I have a lot of personal friends and business associates who take great delight in trashing the building industry in general and architects in particular (this latter critique being a bit of bashing for my own personal pleasure). The conversation goes something like this; I can’t believe it, during the course of a building project, stupid sh#t keeps happening—often, the same stupid sh#t happens more than once—How does this keep happening?

Despite the rather unrefined language of its delivery, their basic criticism has merit. There are a number of problems inherent in the traditional building process. A thorough discussion of all of them would go well beyond the scope of a single blog post. For now, I’d like to focus on the mismanagement of information. An analogy I developed way back in the 1990’s nicely illustrates the essence of the issue—and, thanks to the inertia of the industry, retains its relevance today.

The phone book is the key to my analogy—some of you may recall this strange object from a bygone world, an enormous mass that sometimes doubled as a doorstop—and I would often use the real thing to drive home my point.

When the topic of the building process came up in conversation, I’d respond by tossing a phone book at someone (very gently) and explaining that the contents of the book represent the data contained within all project documents for a new project. We would then simulate the process of searching for project data by looking up a name, number or address. Depending upon the mental focus and manual dexterity of the chosen person, this would typically take 10-20 seconds. Next, I would remove the spine of the book and spread the sheets out on a tabletop, leaving them only slightly disordered. This time around, it would take a bit more time—say, 45 seconds—to look up a piece of data. The exercise would progress to higher degrees of disorder: mixing up the pages; cutting the pages in half; ripping the pages into small pieces; etc. At each stage of the process, everyone would agree that the time required for this simple task steadily increased. The total amount of data remained on the tabletop (contained within the pages of the phone book), but the data structure had changed (the pages were now shredded and randomly sorted). Only a few minutes earlier we could have accessed any name, number and address within a few seconds. Now, due to “lack of structure integrity,” no one in the room could predict how long it would take to retrieve a single bit of data—that is, if successful retrieval was possible at all.

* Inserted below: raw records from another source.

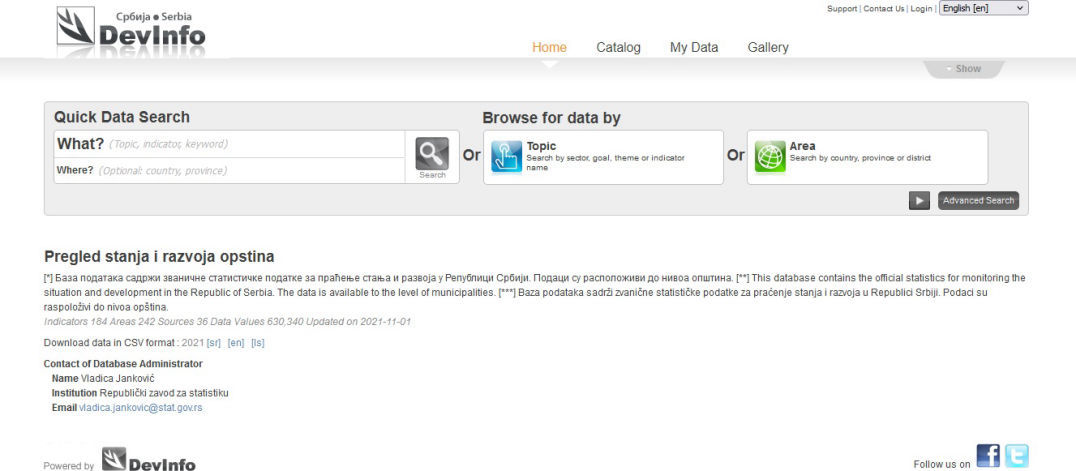 DevInfo Serbia web portal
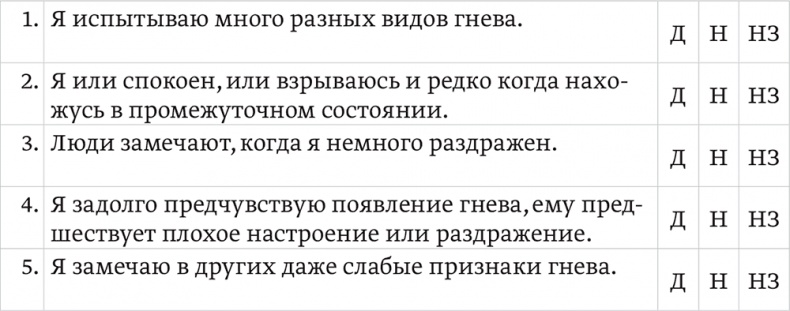 Иллюстрация к книге — Эмоциональный интеллект ребенка. Практическое руководство для родителей [i_006.jpg]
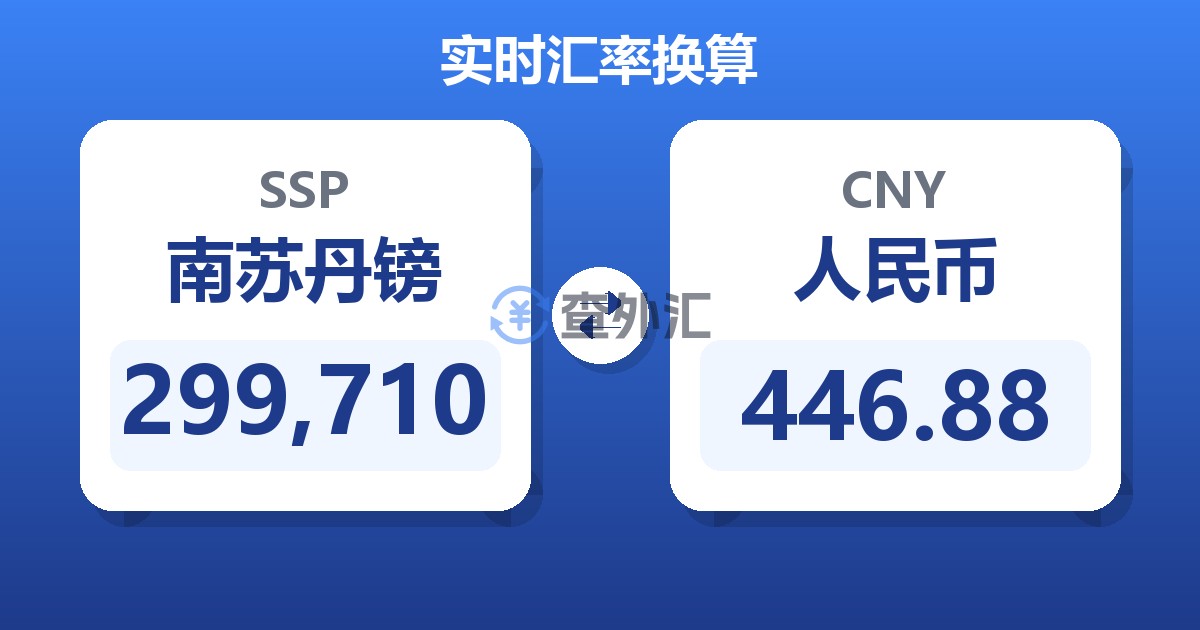 299,710南苏丹镑兑人民币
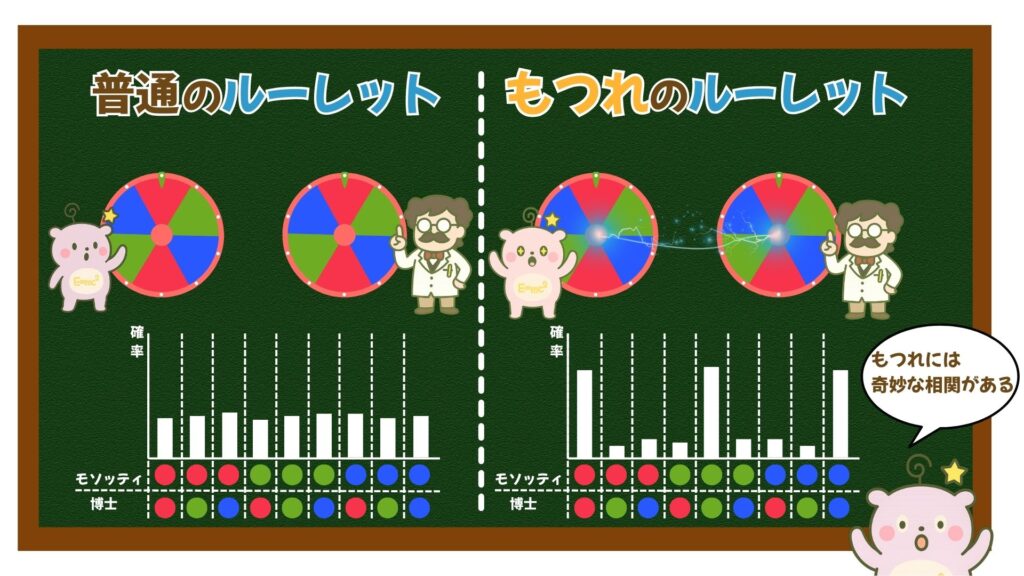 量子もつれのイメージ
奇妙な相関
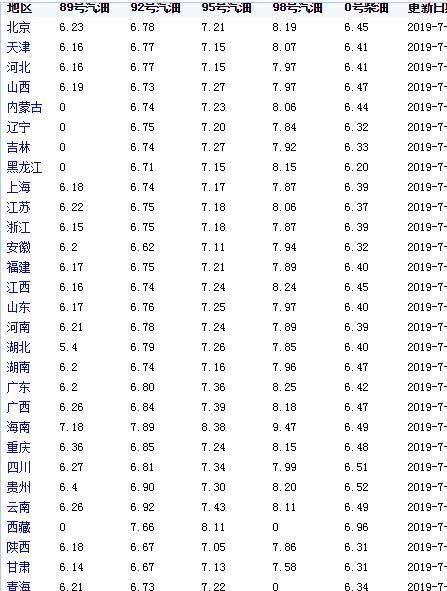 兰州油价调整最新消息,兰州最新油价变动详情揭晓。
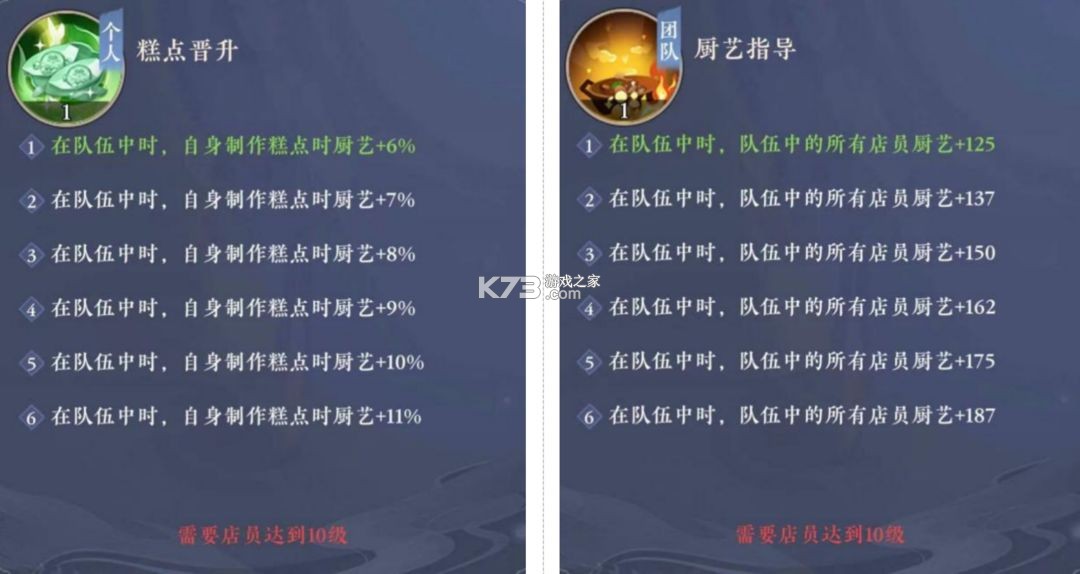 纸萌猫乐园 v1.10.4 手游官方版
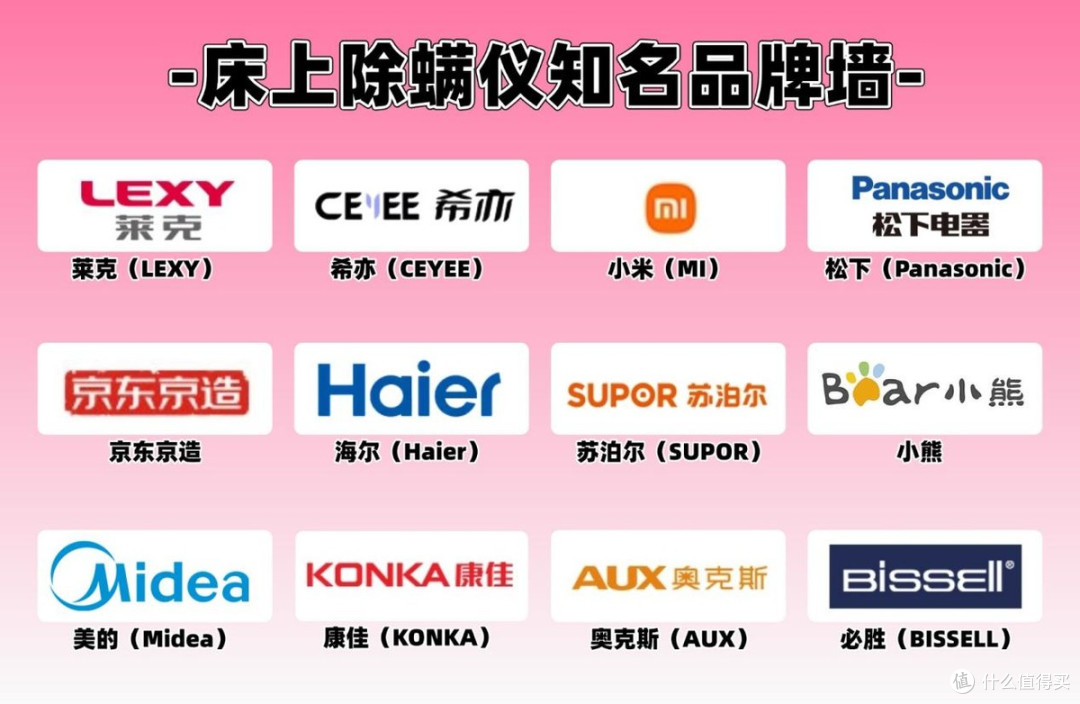 床上除螨仪哪个品牌效果好?10款口碑评优的除螨仪大公开!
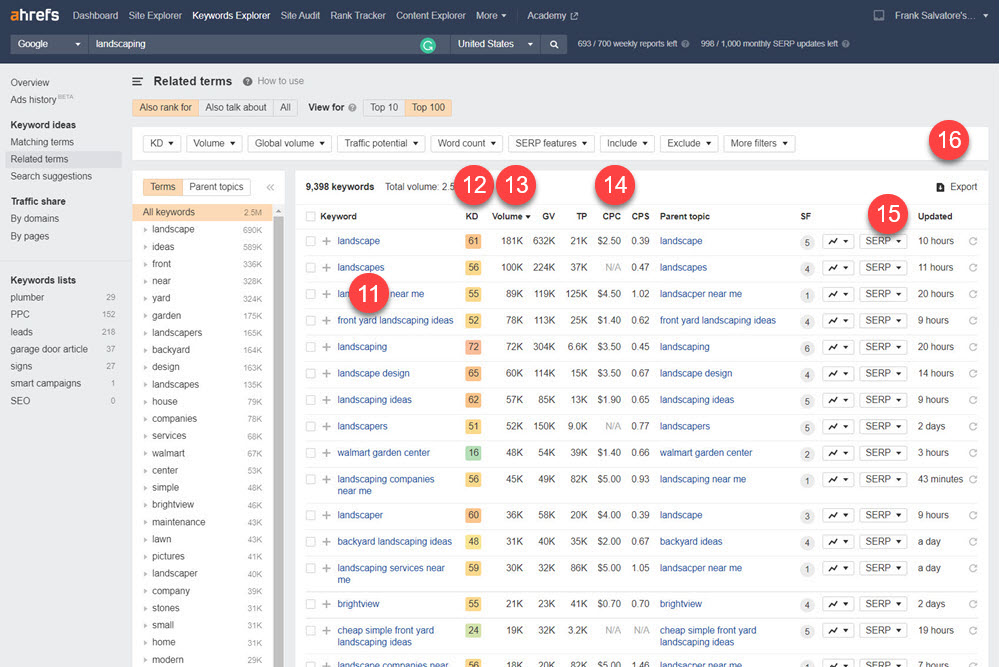 Ahrefs related terms results for landscaping with volume and keyword difficulty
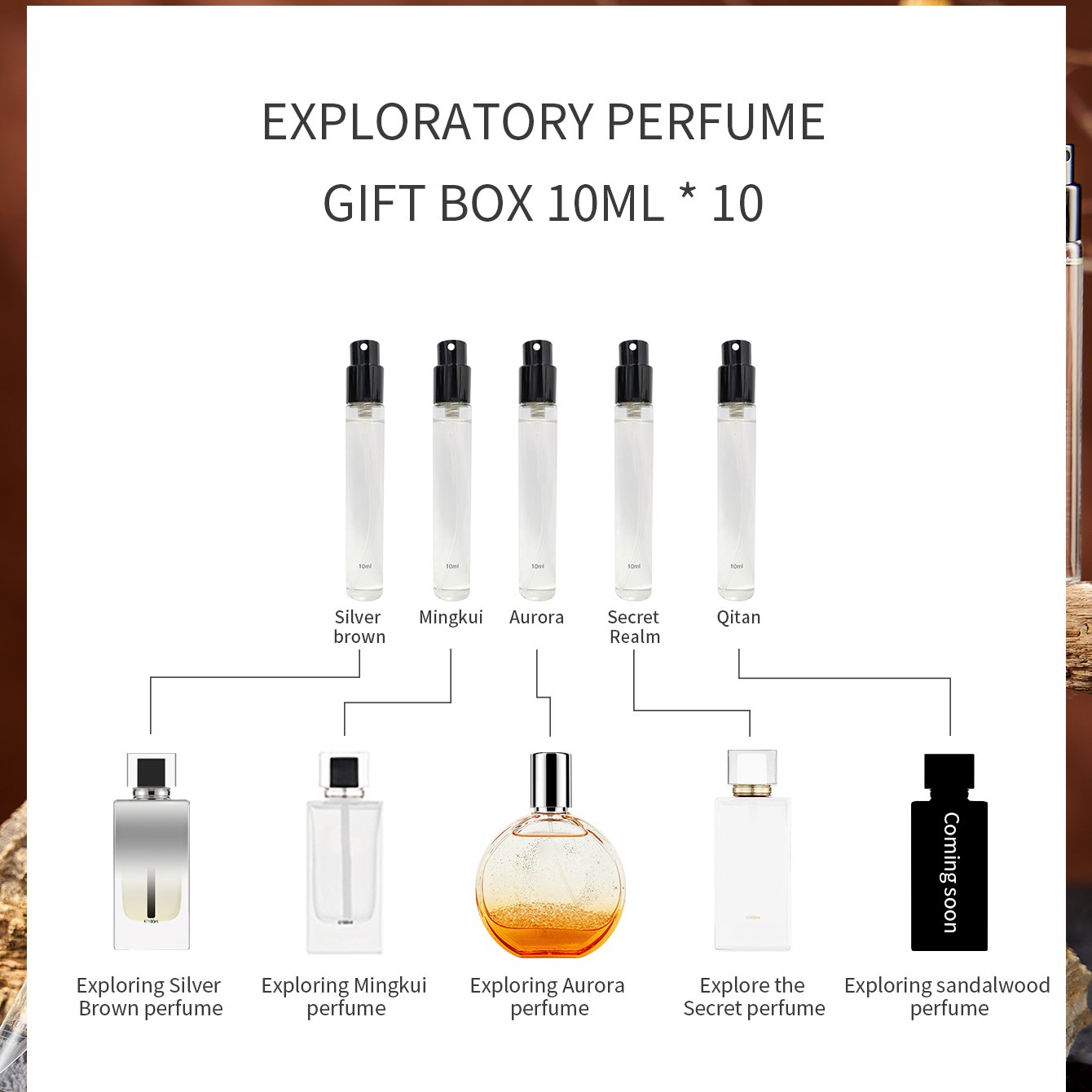 featuring scents in 10 flavors make for a great woody perfume gift for men with each bottle being 10 ml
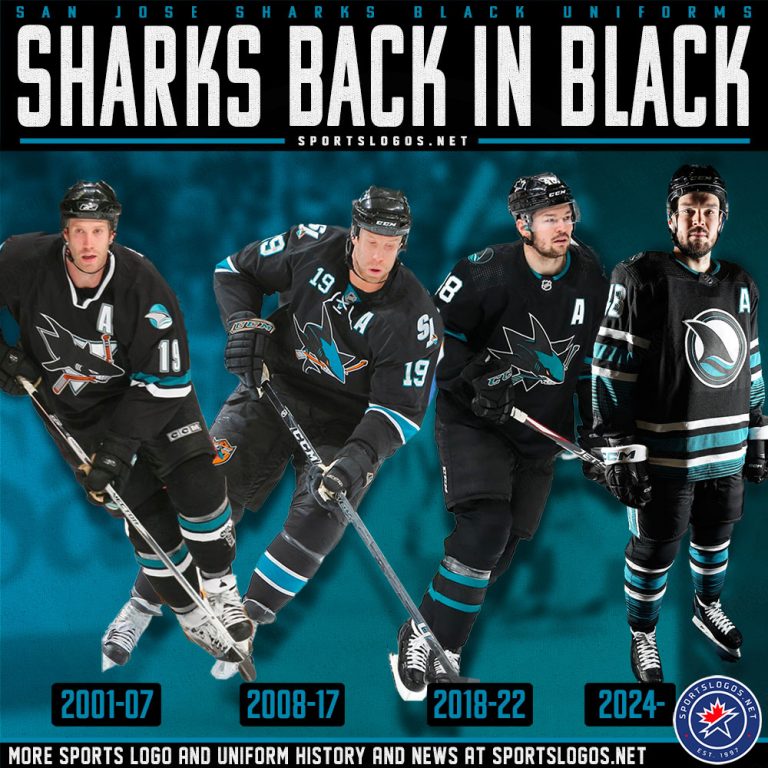 SAN JOSE, CA JANUARY 18 3rd Jersey Photoshoot at TechCU Arena on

In actual fact, the building process is even more problematic than my analogy suggests. In the analogy, all the data is always accessible (even if disorganized). In reality, the obfuscation of knowledge often offers a competitive advantage over transparency. The building world is filled with walled off silos of knowledge. Companies are often rewarded for zealously guarding their project data—even if this secrecy is to the detriment of the project itself. Furthermore, while the data contained in the phone book remains static, the typical building process features a constant variation in information due to ever-changing project input.

To complete the analogy: this would be like searching for a name or number in the phone book when all the names and numbers are constantly changing and all the pages have been thoroughly shredded and randomly sorted and hidden in a hundred different hiding places.

I must admit, their criticism has merit. Welcome to the real world of building.